Living with a Mongolian herder family

I was lucky enough to find a good friend on Couchsurfing who offered me to stay at one of his relative’s yurt (or ger in Mongolian, a traditional Mongolian tent) about a 100 miles from the town of Baganuur – which is about four hours drive from Ulaanbataar in total.
My friend’s relatives were a traditional Mongolian herder family, they owned two yurts, one which they lived in and the other one which served as a kitchen and storage space.
The family owned around 800 sheeps, 100 cows, and 50 horses which all roamed freely in the surrounding grasslands.

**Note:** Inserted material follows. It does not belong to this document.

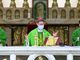 Cardinal Tagle calls for ‘review of lifestyle’ at end of Season of Creation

The head of the family, Nyamdala, close to sixty, was an experienced, short-spoken herdsman who spent his whole life as a traditional Mongolian nomad, taking care and living off from his animals.
This summer they stayed in a lush green valley – as lush as the Mongolian steppe can be – close to a river.
Not far from Nyamdala’s tent was another ger, home to a less wealthy herder family employed by Nyamdala who helped him take care of his numerous animals in the summer – this family didn’t own any animals, they just worked for him.

There was plenty of work for everyone, keeping the members of the camp busy all day long.
Nyamdala’s wife was a hard working and strong women, she had a tight daily routine. She spent long hours in the “kitchen”, making cheese, yoghurt, or noodles, and cooking meals for the family, milking the cows, or looking after the kids.
Nyamdala’s son and daughter have already moved to the town Baganuur, but they spent most of their free time in their father’s camp. They were both married and had children, who spent their whole summer holiday in the Mongolian countryside with their grandfather as well.
Nyamdala’s sister and her family, and his parents were also regular visitors.
Usually all the grown up members of the family were working on something, even the ones who otherwise had a job in town.
This was a sort of relaxation for them to return to their traditional lifestyle.
Urbanization as such, is a new phenomena in Mongolian society, as almost 90 percent of the people above the age of fifty grew up in traditional nomadic ger camps.
I asked the younger members of the family if they prefer the traditional nomadic lifestyle over the city life , and their response was that they would generally prefer the countryside, but that it is really hard in the winter. But they couldn’t imagine their life without the summers in the Mongolian steppes.